A vector index is a specialized type of index designed to store and manage multidimensional data called vectors. We can produce vectors from AI models called "embedding models". Embedding models summarize an object (an article, an image, a video) as a vector. This direction and magnitude preserves the meaning (semantic content) of the original object.
Vector indexes are the key to managing ultra-efficient AI-enabled systems. They store vector data that captures an item's essence mathematically, called vector embeddings. To help you visualize this better; when in a vector index, these vector embeddings effectively look like a 3D holographic “star chart” you’d see in a sci-fi movie, with each embedding having its own point of light on that chart. The more embeddings are closer to each other, the larger and brighter that point is. Now imagine that in 1000 dimensions.
To put it in technical terms, related vector embeddings reveal relationships in the data. With that, vector indexes enable your apps to move beyond the simple matching of plain text search into the realm of AI-enhanced semantic search.
Why is semantic search so important?
Let’s look at an example. Here’s one image from a fashion photo shoot in Casablanca, along with a photo of a woman in a bazaar in Casablanca. Normally these photos are not related by much. Each has very different clothing, different lighting, different people, one photo is color and one is sepia-toned black and white, one is in a building while the other is on a street, and so on.
What does connect them, though, is they are both photographs, they are both images of humans, they are both wearing clothing, and both images were made in the city of Casablanca, Morocco. How might that look in vectors stored in a vector index?
Photo1 = [ 234.53, 45.31, 23.45, …]
Photo2 = [ 45.32, 98.6, 23.45, …]
What this means is by writing these vectors to a vector index, the similar vector embeddings are near, next to, or the same as other vectors in the multidimensional space of a vector index. They are automatically related. Therefore, I can do a semantic search to find all vectors that have vector embeddings at or near 23.45, have other vector embeddings that are at or near 45.31, and so on. Search for XYZ near 45.31. Since we are working with an array of numbers and not bulky data, satisfying such a search is dramatically more efficient and more performant than other index types.
What would use a vector index for?
Now that you know what a vector index does for you with vector embeddings, let’s talk about some examples of what you can do with a vector index.
Think of having an AI trained on a specific set of data, a product’s documentation website, for example. Combine that with other training data on writing applications in various languages, and now you can ask questions of that set of documentation and have the AI write code for your users. No more searching through the documentation, just ask normal questions of the AI, and it generates a response that is on topic or similar to what you asked about. This use case is what I like to call a knowledge bot.

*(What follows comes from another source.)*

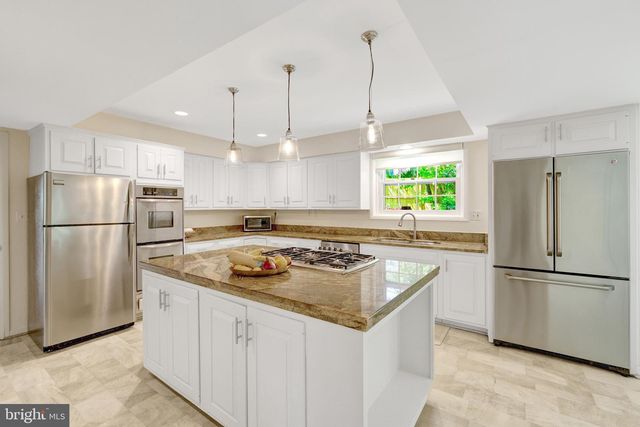 6116 FRANKLIN PARK RD, Mclean, VA 22101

This approach is fundamental in various applications, including recommendation engines, image recognition, and Natural Language Processing(NLP). The ability to efficiently find related items in vast datasets makes similarity search a powerful tool in modern data analysis and machine learning. This can be used in product catalogs, video/music streaming sites, e-commerce sites, etc.
While I mentioned this under search, it is common enough to stand alone. Let’s say you are researching online to purchase a table saw. Knowing that, your past purchases, and what other people searched for, clicked on, and rated well, an AI-enhanced recommendation could deliver to you sites, images, and videos more pertinent to your research than a simple search.

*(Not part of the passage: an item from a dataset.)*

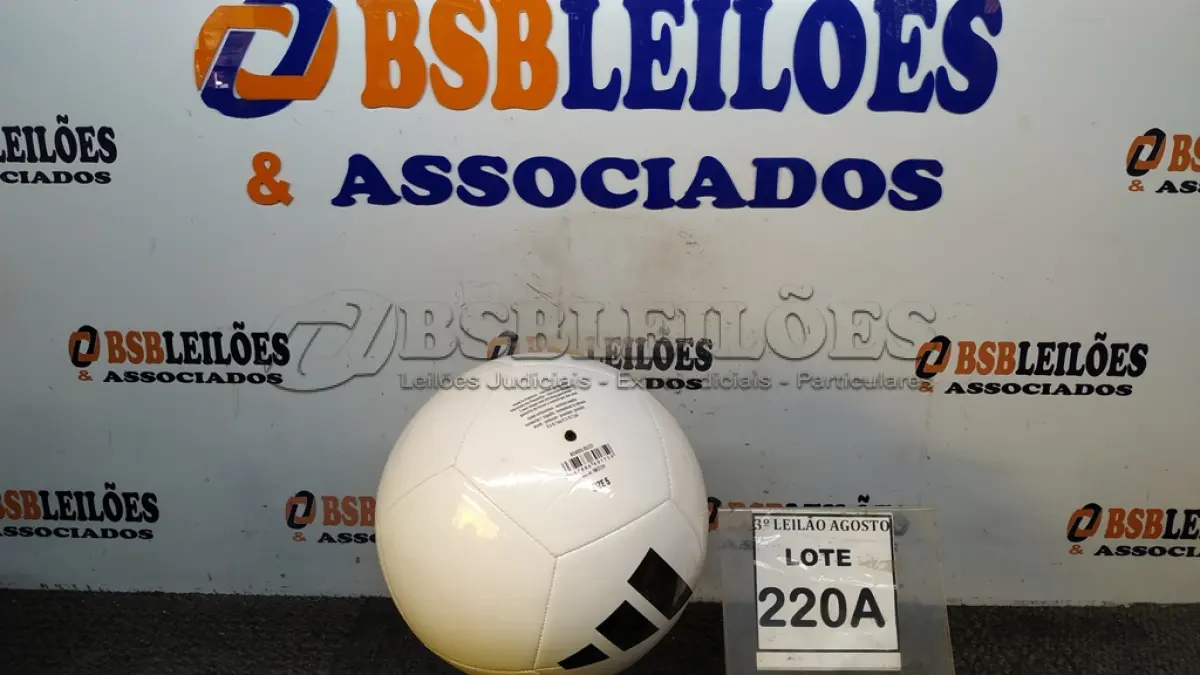 LOTE 220 - 01 BOLA DE FUTEBOL ORIGINAL MARCA ADIDAS. (NO ESTADO) ATENÇÃO! FAZER A VISITAÇÃO ANTES DE ARREMATAR, NÃO SABEMOS SE FUNCIONA, LEILÃO NÃO TEM GARANTIA E NEM DEVOLUÇÃO, SUJEITO A POSSÍVEIS AVARIAS VISÍVEIS/OCULTAS E/OU AUSÊNCIA DE COMPONENTES.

Anomaly detection is a critical process in data analysis that identifies unusual patterns that do not conform to expected behavior. These outliers or anomalies can signify problems such as fraud, network intrusion, or system failure. The ability to detect anomalies in real-time allows for immediate response, mitigating potential risks and enhancing the overall integrity and reliability of a system.
By mapping words into a multidimensional space of a vector index, patterns correlating to positive, negative, or neutral emotions can be discerned. This allows for efficient comparison across large datasets, helping gauge opinions on products, trends, or other things. With real-time processing and adaptability, vector indexes become valuable for understanding and responding to user sentiments across various platforms.